Solo cello music appropriated for the violin – in dazzling, charismatic style

Weinberg Kremer

The Strad Issue: July 2019

Description: Solo cello music appropriated for the violin – in dazzling, charismatic style

Musicians: Gidon Kremer (violin)  

Works: WEINBERG 24 Preludes 

Catalogue Number: ACCENTUS ACC30476  

In a month that has also witnessed the release of Rachel Podger’s arrangement of Bach’s Cello Suites, Gidon Kremer’s latest album features his masterly transcription of Weinberg’s op.100 Solo Cello Preludes. These were originally composed in the late 1960s for Rostropovich, for whom Weinberg had already written several works, yet – as Weinberg aficionado Verena Mogl points out in her highly informative notes – it wasn’t until 1995 that they were premiered by Latvian virtuoso Yosif Feigelson. Arranged (like Bach’s Well-Tempered Clavier) in ascending chromatic order of keys starting on C, these indelible paradigms of Weinberg’s creative psyche are ideally suited to Kremer’s maverick probing interpretative intensity and dazzling technical command. 

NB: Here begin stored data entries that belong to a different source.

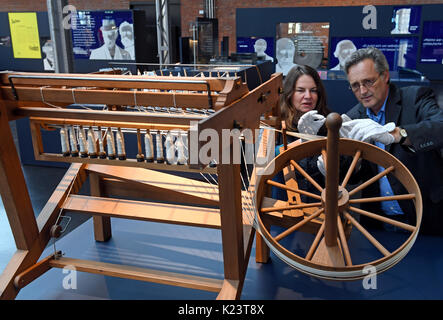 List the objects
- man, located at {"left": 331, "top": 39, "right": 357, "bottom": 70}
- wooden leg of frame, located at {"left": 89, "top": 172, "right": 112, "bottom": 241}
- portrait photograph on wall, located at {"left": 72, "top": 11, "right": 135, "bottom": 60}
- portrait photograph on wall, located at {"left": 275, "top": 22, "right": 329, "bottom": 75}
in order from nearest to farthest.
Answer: wooden leg of frame, located at {"left": 89, "top": 172, "right": 112, "bottom": 241} → man, located at {"left": 331, "top": 39, "right": 357, "bottom": 70} → portrait photograph on wall, located at {"left": 275, "top": 22, "right": 329, "bottom": 75} → portrait photograph on wall, located at {"left": 72, "top": 11, "right": 135, "bottom": 60}

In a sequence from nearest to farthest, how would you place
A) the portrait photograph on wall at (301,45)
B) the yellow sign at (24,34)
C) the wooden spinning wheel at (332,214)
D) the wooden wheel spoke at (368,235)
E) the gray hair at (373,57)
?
the wooden spinning wheel at (332,214) < the wooden wheel spoke at (368,235) < the gray hair at (373,57) < the portrait photograph on wall at (301,45) < the yellow sign at (24,34)

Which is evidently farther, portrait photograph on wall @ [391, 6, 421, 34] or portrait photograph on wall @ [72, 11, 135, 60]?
portrait photograph on wall @ [72, 11, 135, 60]

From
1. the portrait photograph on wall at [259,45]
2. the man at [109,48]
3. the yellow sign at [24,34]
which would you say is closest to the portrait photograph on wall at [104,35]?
the man at [109,48]

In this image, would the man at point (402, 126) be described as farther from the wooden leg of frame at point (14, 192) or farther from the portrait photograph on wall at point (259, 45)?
the portrait photograph on wall at point (259, 45)

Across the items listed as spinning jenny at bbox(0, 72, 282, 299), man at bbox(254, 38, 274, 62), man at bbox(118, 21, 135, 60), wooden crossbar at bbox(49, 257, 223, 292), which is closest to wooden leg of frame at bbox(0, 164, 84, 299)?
spinning jenny at bbox(0, 72, 282, 299)

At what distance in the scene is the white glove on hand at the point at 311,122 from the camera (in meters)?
1.96

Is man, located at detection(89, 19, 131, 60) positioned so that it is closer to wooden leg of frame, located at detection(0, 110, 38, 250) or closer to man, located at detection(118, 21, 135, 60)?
man, located at detection(118, 21, 135, 60)

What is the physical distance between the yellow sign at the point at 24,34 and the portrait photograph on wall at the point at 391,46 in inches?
219

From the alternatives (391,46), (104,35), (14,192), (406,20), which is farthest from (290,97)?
(104,35)

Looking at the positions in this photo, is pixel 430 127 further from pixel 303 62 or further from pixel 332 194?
pixel 303 62

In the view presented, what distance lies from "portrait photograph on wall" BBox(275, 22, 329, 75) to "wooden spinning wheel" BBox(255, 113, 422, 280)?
5535 mm

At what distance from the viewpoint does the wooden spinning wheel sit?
1336mm

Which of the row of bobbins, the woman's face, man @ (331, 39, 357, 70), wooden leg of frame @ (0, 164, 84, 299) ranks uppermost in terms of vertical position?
man @ (331, 39, 357, 70)

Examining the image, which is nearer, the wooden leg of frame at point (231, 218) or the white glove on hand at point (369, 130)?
the wooden leg of frame at point (231, 218) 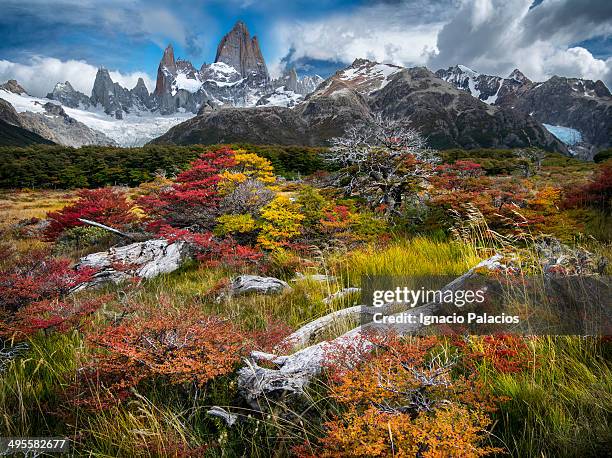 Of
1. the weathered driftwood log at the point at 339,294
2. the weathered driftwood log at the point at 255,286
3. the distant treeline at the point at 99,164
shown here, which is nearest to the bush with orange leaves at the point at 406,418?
the weathered driftwood log at the point at 339,294

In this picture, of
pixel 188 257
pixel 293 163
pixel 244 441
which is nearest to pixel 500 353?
pixel 244 441

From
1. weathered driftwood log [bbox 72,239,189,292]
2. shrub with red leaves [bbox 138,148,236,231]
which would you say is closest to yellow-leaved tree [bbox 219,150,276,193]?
shrub with red leaves [bbox 138,148,236,231]

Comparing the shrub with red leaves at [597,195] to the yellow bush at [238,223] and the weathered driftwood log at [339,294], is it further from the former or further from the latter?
the yellow bush at [238,223]

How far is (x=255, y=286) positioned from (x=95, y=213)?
9081 mm

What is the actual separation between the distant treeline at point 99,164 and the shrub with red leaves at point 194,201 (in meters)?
38.8

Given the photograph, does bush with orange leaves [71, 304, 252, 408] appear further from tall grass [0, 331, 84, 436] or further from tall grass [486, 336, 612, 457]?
tall grass [486, 336, 612, 457]

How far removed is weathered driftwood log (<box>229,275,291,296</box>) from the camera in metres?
5.57

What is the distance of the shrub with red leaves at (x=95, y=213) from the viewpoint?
11.6m

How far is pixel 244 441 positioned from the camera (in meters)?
2.12

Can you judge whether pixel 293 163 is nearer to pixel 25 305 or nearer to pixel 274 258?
pixel 274 258

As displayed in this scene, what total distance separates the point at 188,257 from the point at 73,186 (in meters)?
51.9

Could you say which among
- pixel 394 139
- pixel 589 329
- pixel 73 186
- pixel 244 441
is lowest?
pixel 244 441

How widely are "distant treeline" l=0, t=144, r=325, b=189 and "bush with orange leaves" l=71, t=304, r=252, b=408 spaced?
47998 mm

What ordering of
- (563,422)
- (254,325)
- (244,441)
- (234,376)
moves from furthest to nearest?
(254,325)
(234,376)
(244,441)
(563,422) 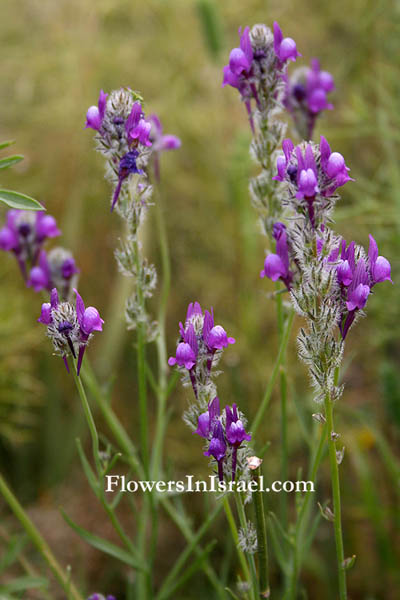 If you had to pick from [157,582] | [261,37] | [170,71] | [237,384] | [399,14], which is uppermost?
[170,71]

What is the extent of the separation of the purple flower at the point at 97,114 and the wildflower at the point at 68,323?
0.17 metres

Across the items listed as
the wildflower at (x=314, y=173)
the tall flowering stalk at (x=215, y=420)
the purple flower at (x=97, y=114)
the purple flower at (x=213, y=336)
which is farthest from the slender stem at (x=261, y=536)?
the purple flower at (x=97, y=114)

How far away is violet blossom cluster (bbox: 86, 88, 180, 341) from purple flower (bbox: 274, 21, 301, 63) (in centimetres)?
15

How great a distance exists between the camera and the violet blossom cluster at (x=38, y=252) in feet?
2.50

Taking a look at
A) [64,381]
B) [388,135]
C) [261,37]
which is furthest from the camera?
[64,381]

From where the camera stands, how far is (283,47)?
23.7 inches

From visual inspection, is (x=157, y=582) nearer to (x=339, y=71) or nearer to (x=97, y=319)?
(x=97, y=319)

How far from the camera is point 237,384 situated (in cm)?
103

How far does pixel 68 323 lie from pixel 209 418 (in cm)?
13

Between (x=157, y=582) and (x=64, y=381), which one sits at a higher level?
(x=64, y=381)

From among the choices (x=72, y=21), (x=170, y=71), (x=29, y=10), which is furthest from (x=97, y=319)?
(x=29, y=10)

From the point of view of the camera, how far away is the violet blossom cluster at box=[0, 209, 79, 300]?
0.76 metres

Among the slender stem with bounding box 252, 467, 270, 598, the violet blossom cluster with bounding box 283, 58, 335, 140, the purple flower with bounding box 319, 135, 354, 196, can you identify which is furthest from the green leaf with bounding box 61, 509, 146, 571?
the violet blossom cluster with bounding box 283, 58, 335, 140

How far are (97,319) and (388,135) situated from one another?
0.85 m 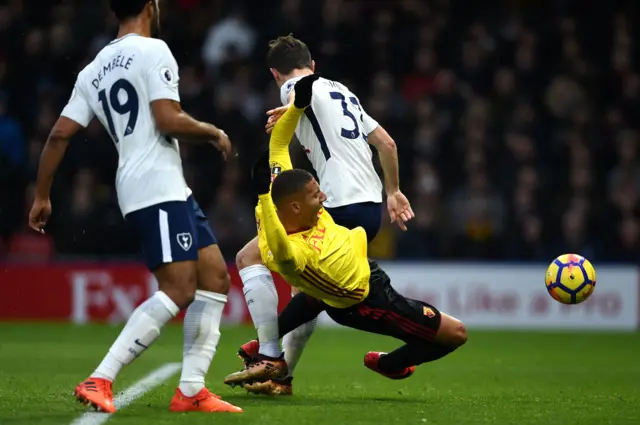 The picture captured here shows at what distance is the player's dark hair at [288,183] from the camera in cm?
651

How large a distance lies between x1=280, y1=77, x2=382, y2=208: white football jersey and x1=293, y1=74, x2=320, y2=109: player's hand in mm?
544

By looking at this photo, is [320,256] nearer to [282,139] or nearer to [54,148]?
[282,139]

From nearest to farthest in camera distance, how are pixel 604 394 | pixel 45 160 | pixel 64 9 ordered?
1. pixel 45 160
2. pixel 604 394
3. pixel 64 9

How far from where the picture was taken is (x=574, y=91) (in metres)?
16.6

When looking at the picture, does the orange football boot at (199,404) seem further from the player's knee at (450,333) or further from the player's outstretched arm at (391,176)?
the player's outstretched arm at (391,176)

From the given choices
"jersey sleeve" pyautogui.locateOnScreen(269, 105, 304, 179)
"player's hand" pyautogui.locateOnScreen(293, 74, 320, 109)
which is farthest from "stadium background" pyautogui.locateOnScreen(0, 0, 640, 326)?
"player's hand" pyautogui.locateOnScreen(293, 74, 320, 109)

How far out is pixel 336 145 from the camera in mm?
7316

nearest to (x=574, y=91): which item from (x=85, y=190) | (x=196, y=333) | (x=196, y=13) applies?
(x=196, y=13)

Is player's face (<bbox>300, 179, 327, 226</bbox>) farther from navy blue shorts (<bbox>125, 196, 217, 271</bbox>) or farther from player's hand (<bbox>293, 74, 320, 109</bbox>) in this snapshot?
navy blue shorts (<bbox>125, 196, 217, 271</bbox>)

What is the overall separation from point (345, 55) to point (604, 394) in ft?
31.8

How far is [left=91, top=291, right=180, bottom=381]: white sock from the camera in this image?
5.80 metres

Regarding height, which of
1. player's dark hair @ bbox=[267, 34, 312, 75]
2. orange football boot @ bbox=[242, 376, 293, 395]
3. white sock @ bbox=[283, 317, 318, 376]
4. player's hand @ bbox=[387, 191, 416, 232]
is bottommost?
orange football boot @ bbox=[242, 376, 293, 395]

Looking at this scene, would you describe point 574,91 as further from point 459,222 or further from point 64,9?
point 64,9

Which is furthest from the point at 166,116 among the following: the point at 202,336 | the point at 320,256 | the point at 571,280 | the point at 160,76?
the point at 571,280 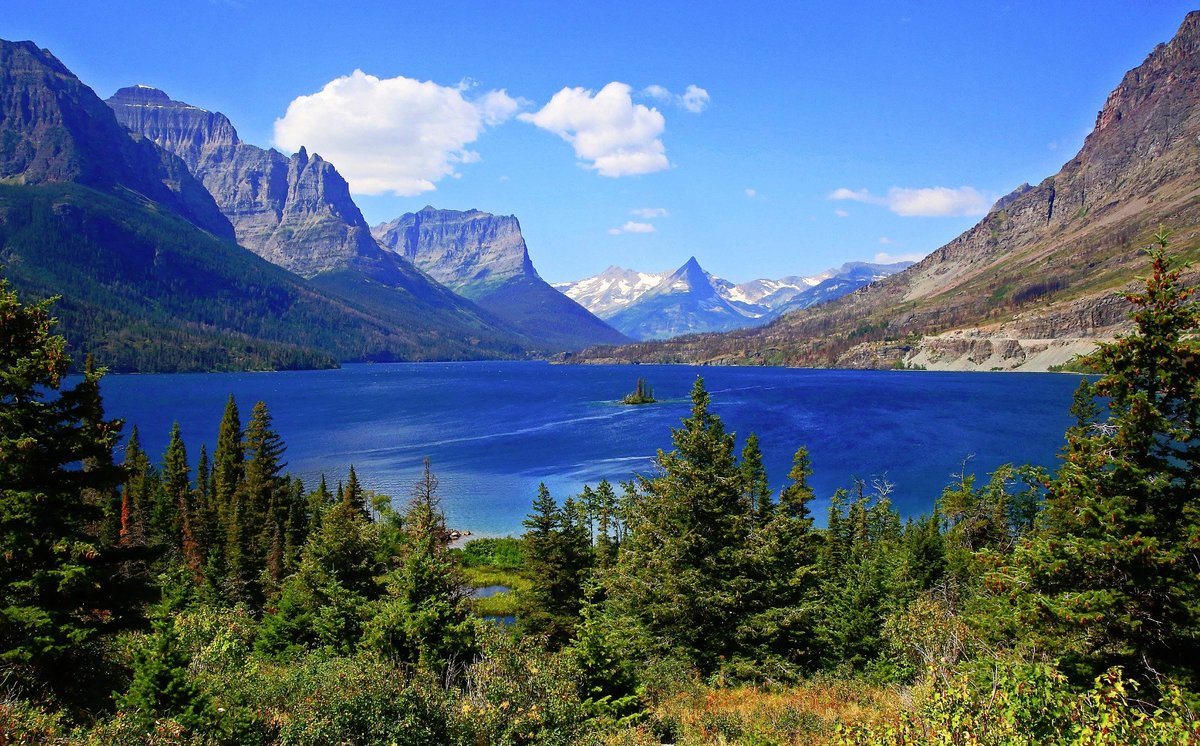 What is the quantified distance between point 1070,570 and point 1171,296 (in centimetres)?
784

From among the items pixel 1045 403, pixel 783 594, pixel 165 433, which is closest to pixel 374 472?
pixel 165 433

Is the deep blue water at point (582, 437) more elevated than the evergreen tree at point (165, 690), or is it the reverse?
the evergreen tree at point (165, 690)

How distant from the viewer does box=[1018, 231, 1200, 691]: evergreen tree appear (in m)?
15.3

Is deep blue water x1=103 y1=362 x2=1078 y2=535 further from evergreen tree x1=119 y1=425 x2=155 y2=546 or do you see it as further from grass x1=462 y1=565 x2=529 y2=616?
evergreen tree x1=119 y1=425 x2=155 y2=546

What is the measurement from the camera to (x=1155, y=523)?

Incredibly, Kremer was nearly 71 when he recorded them in December 2017 – the recording captures his chimerical tonal inflections with tactile precision – yet the electrifying spontaneity of his playing would suggest someone half his age. Indeed, when Weinberg pays homage to Ernst’s ‘Last Rose of Summer’ Variations at the end of Prelude no.10, Kremer recaptures uncannily the charismatic exuberance of his defining account of the Ernst for Melodiya, made in his early twenties. 

The eagle-eared will also spot many Shostakovich thematic cross-references along the way, and in no.5 the haunting opening melody of Schumann’s Cello Concerto in the correct key of A minor. Exemplary in every way.